判決は「速すぎる輸血による過負荷が、犬の容体を悪化させた可能性が高い」と結論づけ、大阪地裁は院長の注意義務違反を認定し賠償を命じた。
ただ、末期がんの愛犬はいつ危篤状態になってもおかしくなかったとして、賠償額が33万円に。
Aさん一家は「なぜあの病院へ連れて行ってしまったのか」と自分たちを責めた。訴訟では自らの医師としての知見を生かして勝訴したが、「家族」を失った傷は癒えていない。
参考記事 : 産経新聞Web版 2016/6/8
ケース2(うさぎ)
ペットのうさぎが動物病院で受けた治療中に起きた事故が理由で、食欲不振となり死亡に至ったとして、飼い主が約134万円の損害賠償を求める訴訟を起こした。
原告は過長臼歯(噛み合わせの問題で異常に伸びてしまう歯)に対する処置を被告病院に依頼した。
その際に麻酔を施しての処置を希望したが、病院側は説明をせずに無麻酔でうさぎの口を開口器で開口して処置を行った。
処置後、うさぎがよだれを流し、食欲不振が続き、自力採食が困難に、、他の病院でX線撮影をしたところ、左右の下顎(あご)を骨折していることが判明。その後もたびたび食欲不振で入院して治療が必要に。

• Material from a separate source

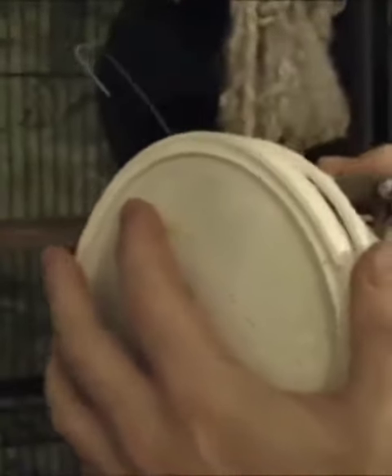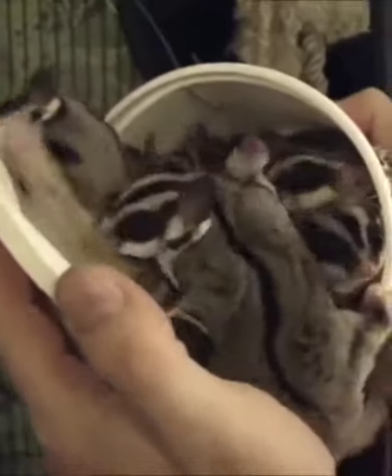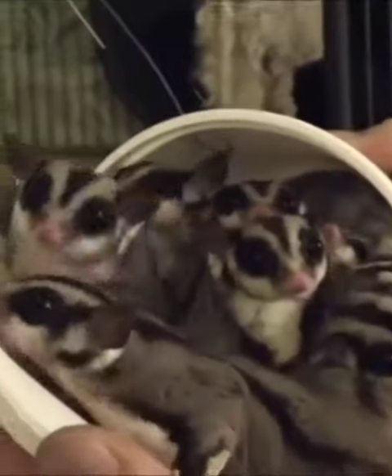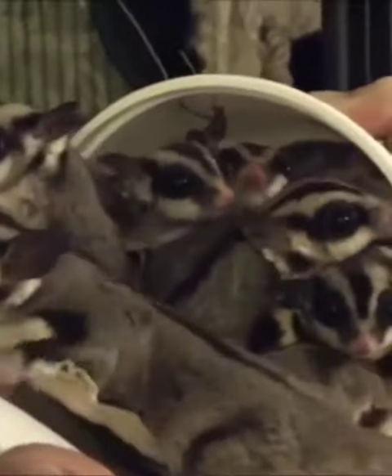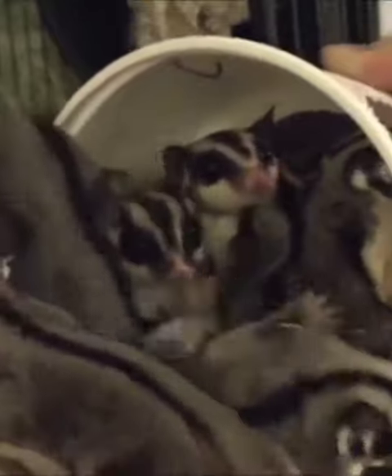How many sugar gliders do you fit in a cooler container? Hello, hi! Apparently at least they put all of their heads in a lot of bubbles. That's what we can do.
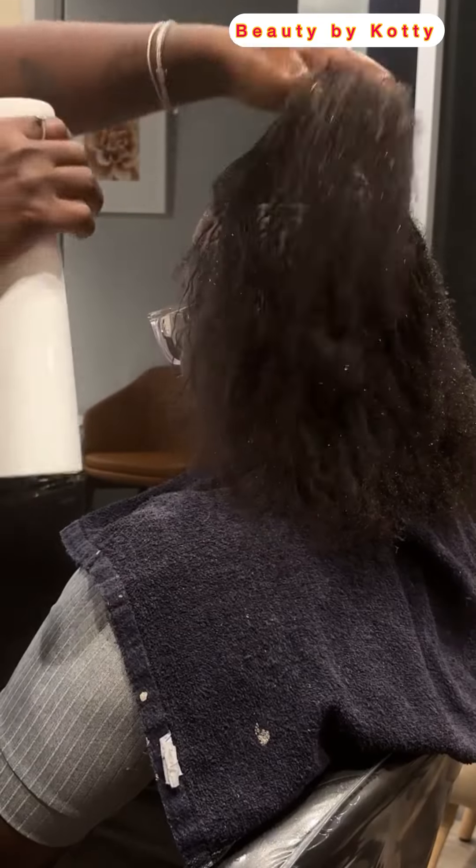Just get yourself a good braider, show them this, and you are good to go. That's beautiful! Thank you all for watching — you can see she's done making the hair. Wow, this is beautiful!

献身的なケアで、その後食欲が回復、骨折部の癒合が確認されるなど、回復傾向にあったものの、事故直後からうさぎは水分摂取量が激減しており、既往症だった尿中の炭酸カルシウム濃度が上昇。カルシウム泥が貯留する症状が悪化してしまい、急性腎不全を発症して亡くなりました。
原告は家族として大切にしていたうさぎが、獣医師の不適切な処置によって左右下顎を骨折して、その後に死亡したこと、問診・説明に関する注意義務違反、過長臼歯に対する処置上の注意義務違反があるなどと主張し、損害賠償金を請求する訴訟を、東京簡易裁判所に提訴しました。

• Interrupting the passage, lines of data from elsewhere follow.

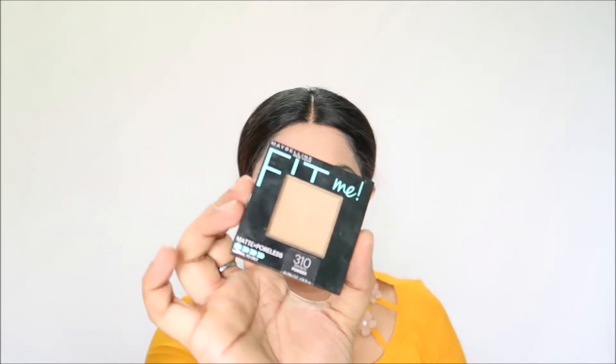This is a concealer — I will apply the concealer. Next, I will set with the Maybelline Fit Me. I will set a full face. I have a preference for how I set the face, and I will use it as well.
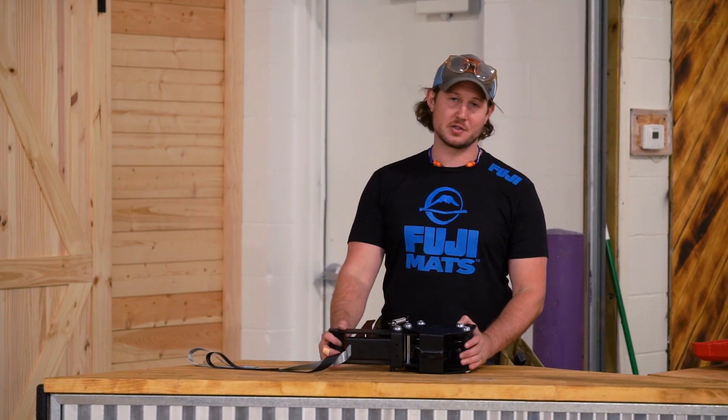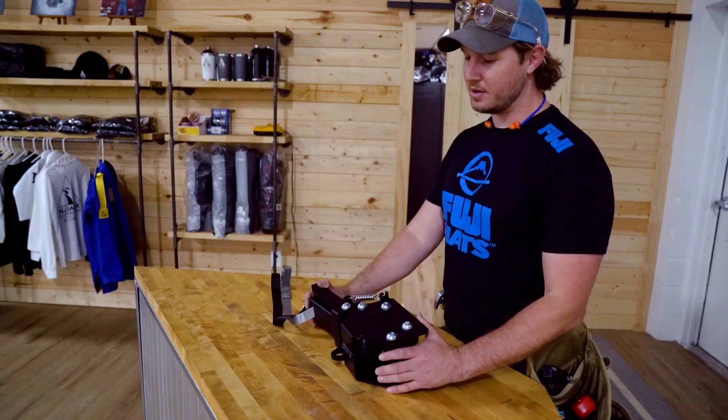Hey guys, Patrick from Fuji Mats here. Today we're installing a wall mount trolley bag rack system. This trolley works on all of our trolley racks — floor mount, wall mount, and ceiling mount.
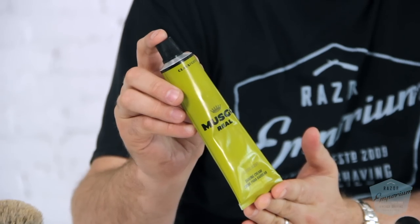Hey everyone, Matt Basarcik from RazerEmporium.com. Today we're getting going with another shave review video. It is a new line for our store, the Musgo Real. Let's get started.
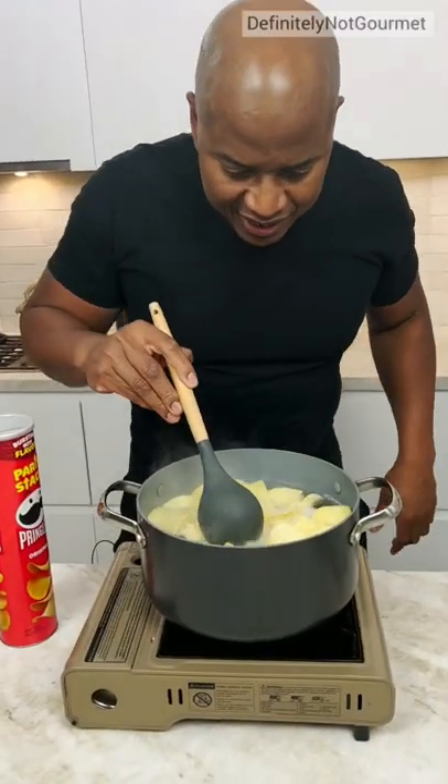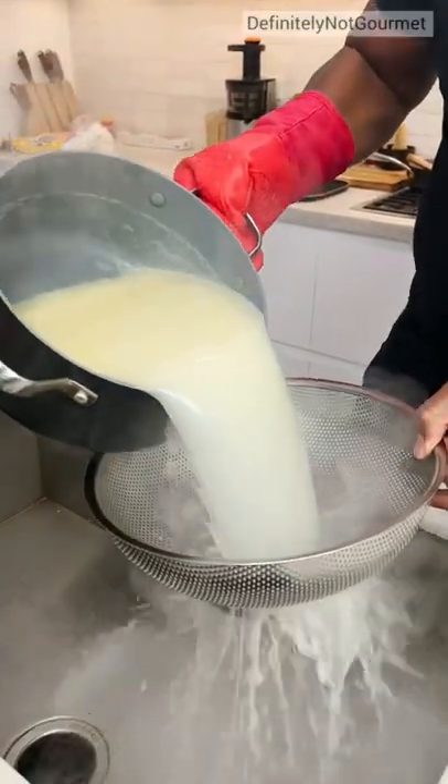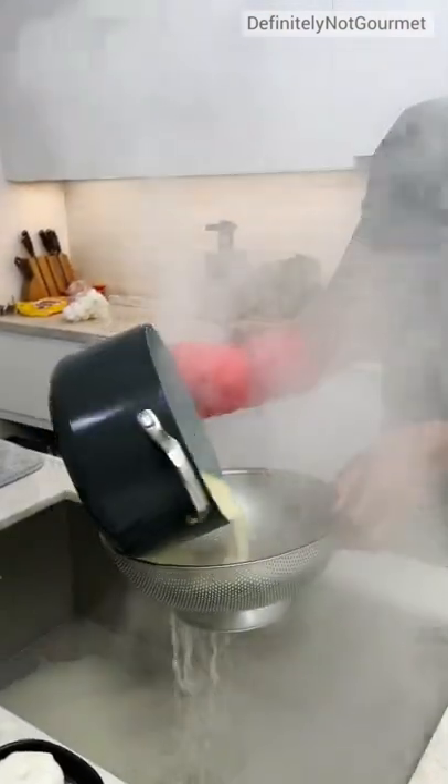Now we can give this a nice little stir. I don't know if this sieve could hold this. Oh yeah, we got some, we got some left. Oh Lord, this is hot.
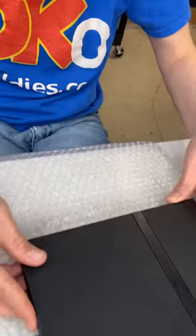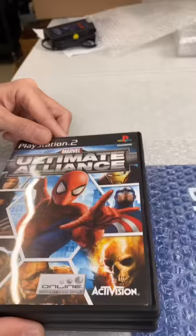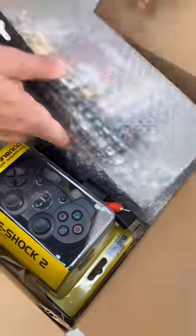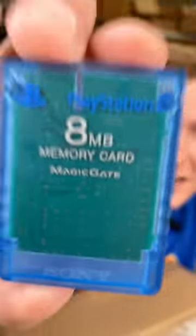Let's get it packaged up. And because your order got picked to be filmed, I'm throwing in this cool blue memory card.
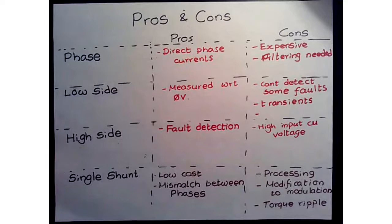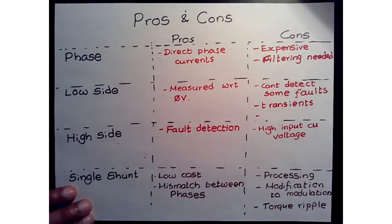In this video we looked at the different current sensing mechanisms. Feel free to let me know what you think, and we can get into additional material if needed. Thank you.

裁判長は判決理由で、うさぎの骨は軽く繊細で、骨折しやすく、無麻酔の処置はリスクが高いため、多くの動物病院では麻酔下で行っている。無麻酔で処置するにはうさぎの安定的な保定が困難である上、速やかな検査及び処置が必要であること。開口器を使用した治療は開口させる速度や幅など慎重に使用すべきで、十分な注意が尽くされないまま処置をおこなったとして動物病院側の注意義務違反を認め、動物病院に約43万円の支払いを命じる判決を下しました。

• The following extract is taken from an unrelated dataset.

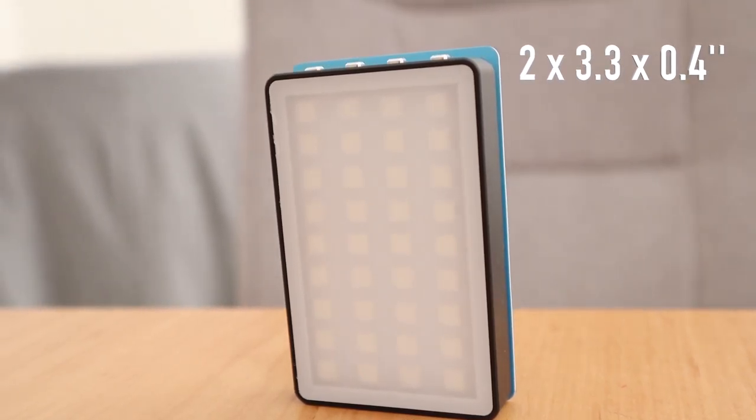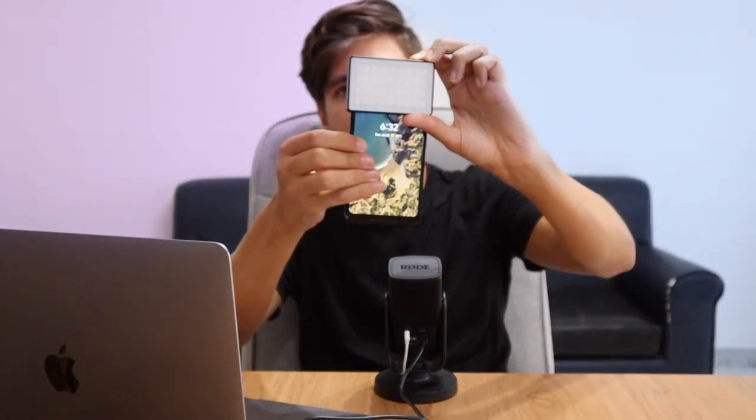On their website, Sandmark claimed this light is smaller than a credit card, which I didn't believe — but it actually is smaller than a credit card and only one-third the size of my phone. It weighs just 86 grams, which is perfect for someone like me who likes to travel light and already carries a lot of film equipment. Being able to put this in your pocket is another big plus.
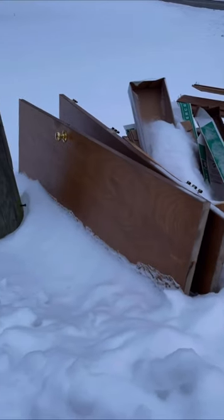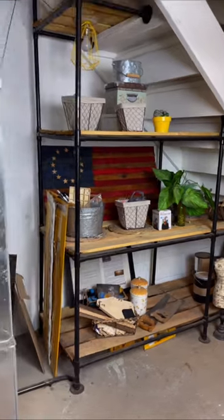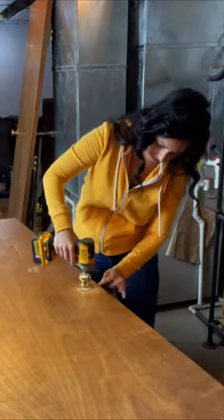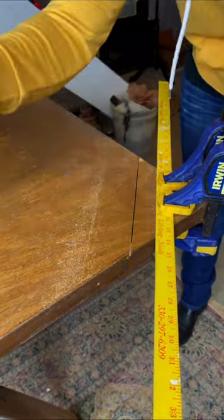I saw these doors in my neighbor's trash last year and brought them home without having a very good idea about what I was going to do with them. Now this is an area in my basement with shelves. I like to film in front of it, but that furnace right there is quite the eyesore. So this year I thought that I would make a screen with both of those doors.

原告は「当時5歳のうさぎが歯の治療を受けるために動物病院へ行き、処置中に両顎を骨折するという医療過誤にあい、泣き寝入りも考えましたが、家族同然だったうさぎのために裁判で2年以上にわたり闘ってきました。一審判決で、病院での処置に起因して骨折したことは認められましたが、死亡との因果関係まで認められなかったことは不本意です。このような痛ましい事故が二度と起こらないよう獣医療の質の向上を願います。骨折しなければ今も元気に生きていた気がします。今でもかわいいうさぎの姿は忘れられません」とのコメントを出しました。